Uno comprende el desencanto que les puede entrar a los bienpensantes de estas y de otras latitudes: “Jopelines, con lo majos que parecían estos gaditanos y ahora les han subarrendado a los vascos la kale borroka en desuso”. Sin embargo, los viejos del lugar quizá recuerden como a este confín, en ciertos círculos de la dictadura, le llamaban EusCádiz por su alto grado de conflicto. Lo de se armó La Naval seguro que se inventó aquí, como aquí inventaron la palabra cursi o la palabra paraíso, referida al gallinero de los teatros.  

Demasiados años encerrados con un juguete roto, el de los astilleros, que ya llegaron a cerrar hace un siglo hasta que los reabrió por lo privado Horacio Echevarrieta, aquel vasco tan heterodoxo que lo mismo se las ventiló como espía alemán para el almirante Canaris que en la trena por revender armas del ejército español a la revolución de Asturias. Luego, vino otra vez Papá Estado, hasta que dejó de cumplir sus obligaciones por aquello de la reconversión, la deslocalización de nuestros calafates, los inicios de la globalización, que eso sí que tiene más malange que una comparsa de Andorra.

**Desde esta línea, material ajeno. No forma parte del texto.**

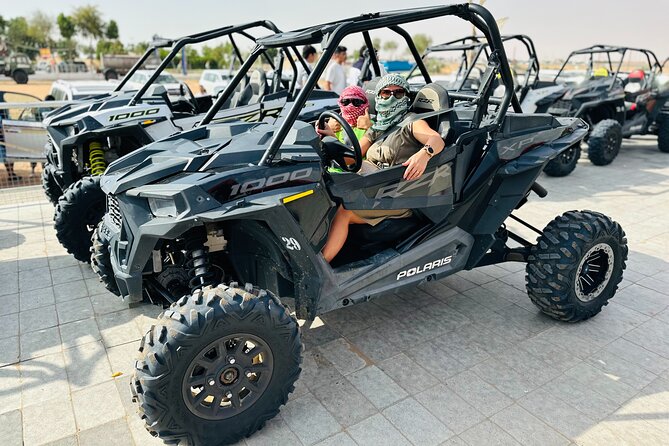 Best Dubai Desert Safari with Buffet Dinner,Sand Boarding & Shows - Sandboarding on the soft red dunes
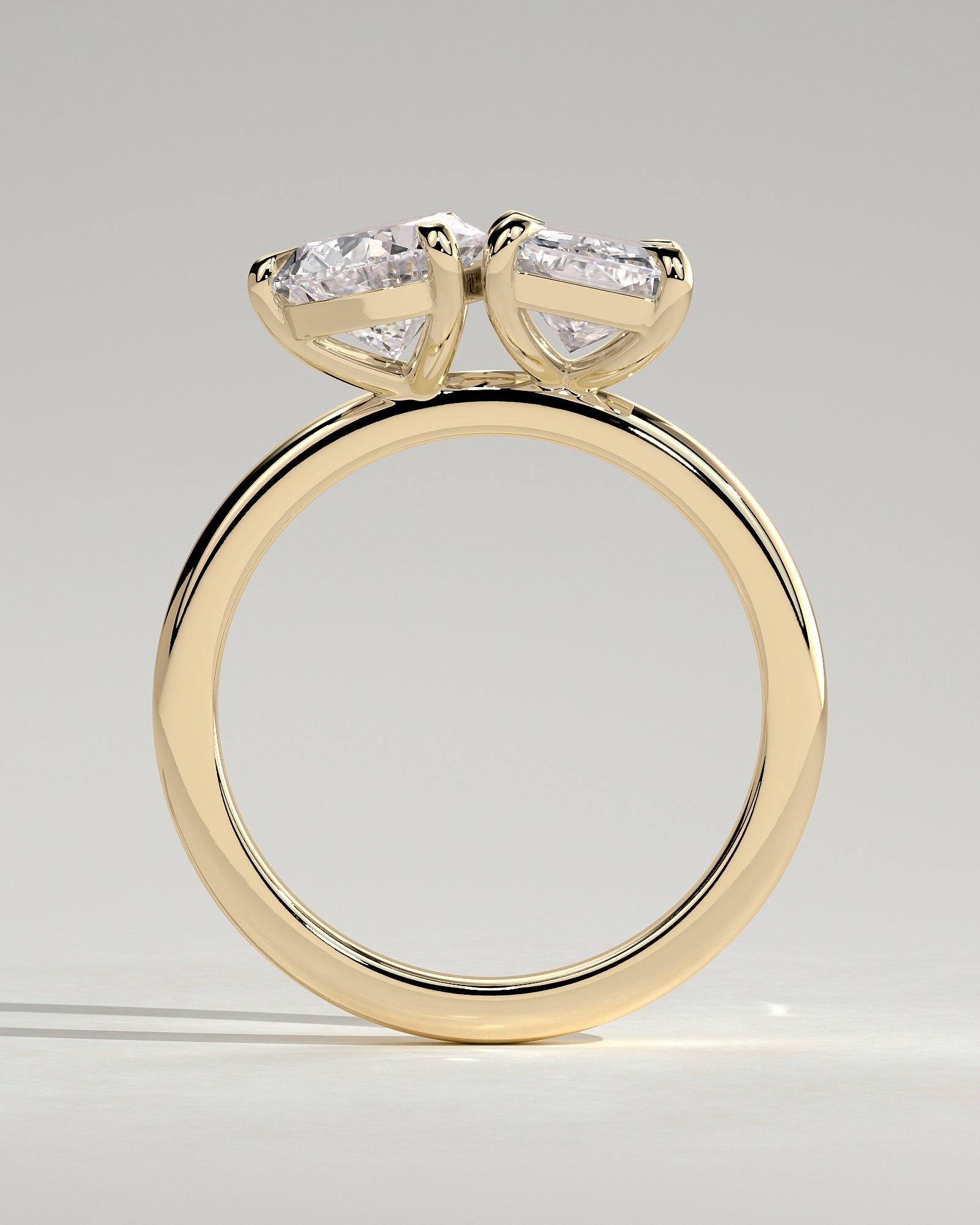 Yellow :: close up 1.5ct pear and radiant lab diamond toi et moi ring yellow gold brilliant contrast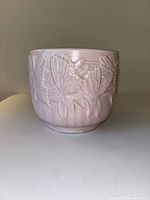 Side view of the pink planter showing embossed floral leaf design and round shape.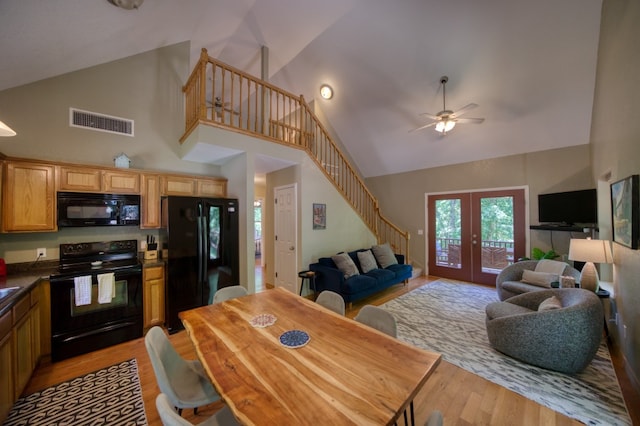 kitchen featuring light hardwood / wood-style floors, black appliances, ceiling fan, and high vaulted ceiling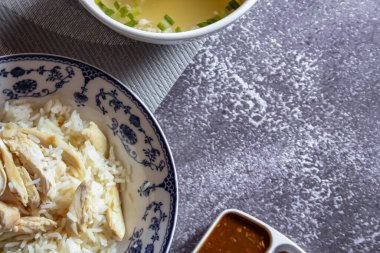 Çin usulü bir tabakta servis edilen Çin usulü tavuklu pilav. Soya sosu ve et suyu gri bir masada..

Por entonces, Federico García Lorca le preguntó al flamenco Ignacio Espeleta: “Ignacio, usted, ¿en qué trabaja?”. “¿Trabajar yo? Yo soy de Cádiz”. La terrible y cómica respuesta sigue siendo tan cómica y terrible una centuria después, por mucho que la cátedra de Emprendedores de la Universidad lleve años intentando convertir el ingenio popular en I+D+I.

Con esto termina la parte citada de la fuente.